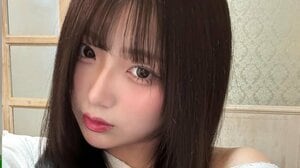 希空 妹・夢空との愛情あふれる姉妹2ショット公開！生後半年を“ハーフマヨ衣装”で祝福「もう半年経つのかあ」と成長しみじみ…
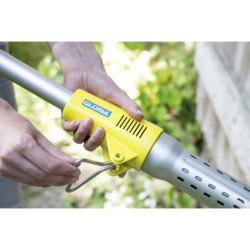 DESHERBEUR ELECTRIQUE GLORIA THERMOFLAMM ELECTRO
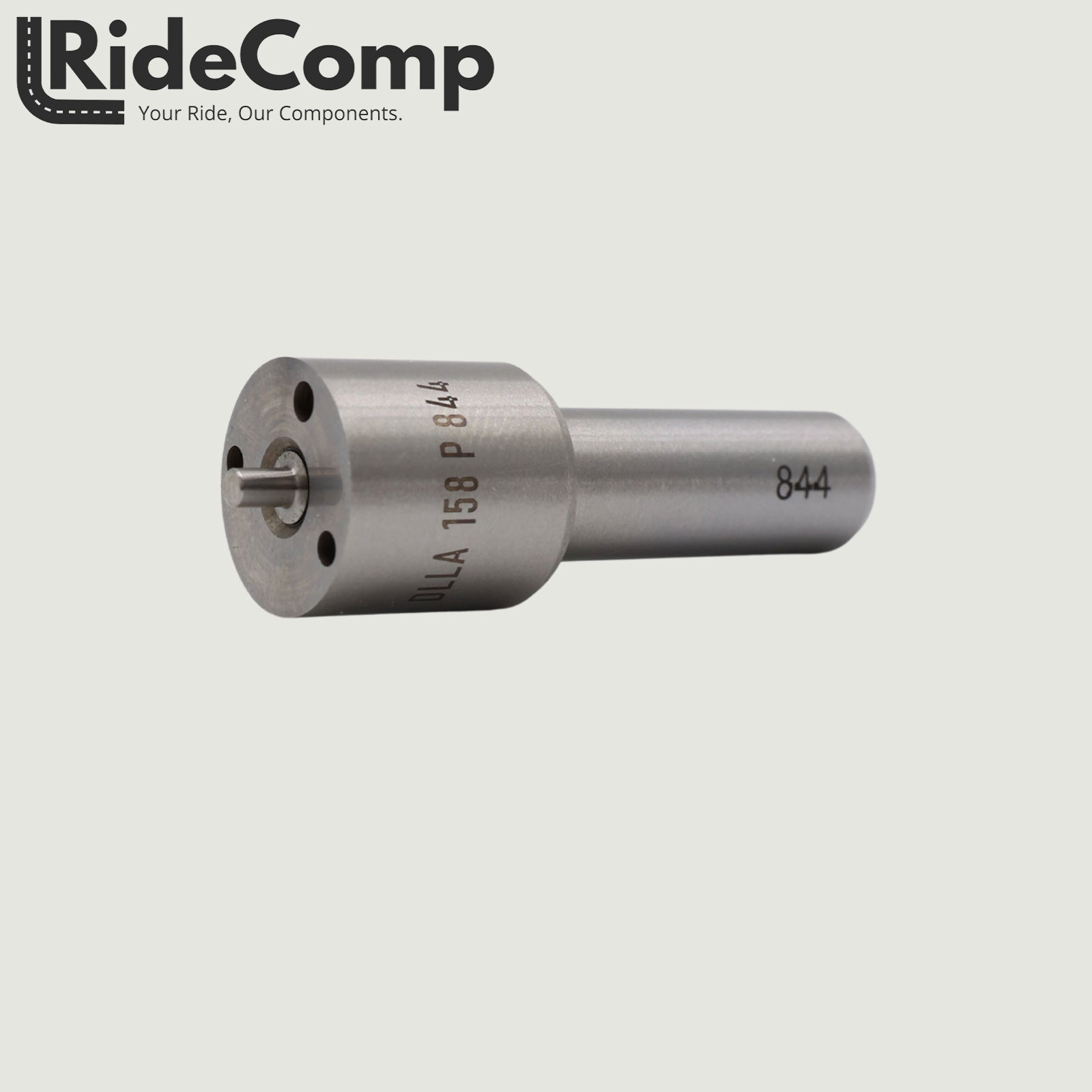 DLLA158P844 DENSO ENJEKTÖR MEMESİ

Work to complete –
Copy nothing but the lines above from the one with "DESHERBEUR ELECTRIQUE GLORIA" through the end of the material, word for word, and drop the pictures.

Answer section –
 DESHERBEUR ELECTRIQUE GLORIA THERMOFLAMM ELECTRO
 DLLA158P844 DENSO ENJEKTÖR MEMESİ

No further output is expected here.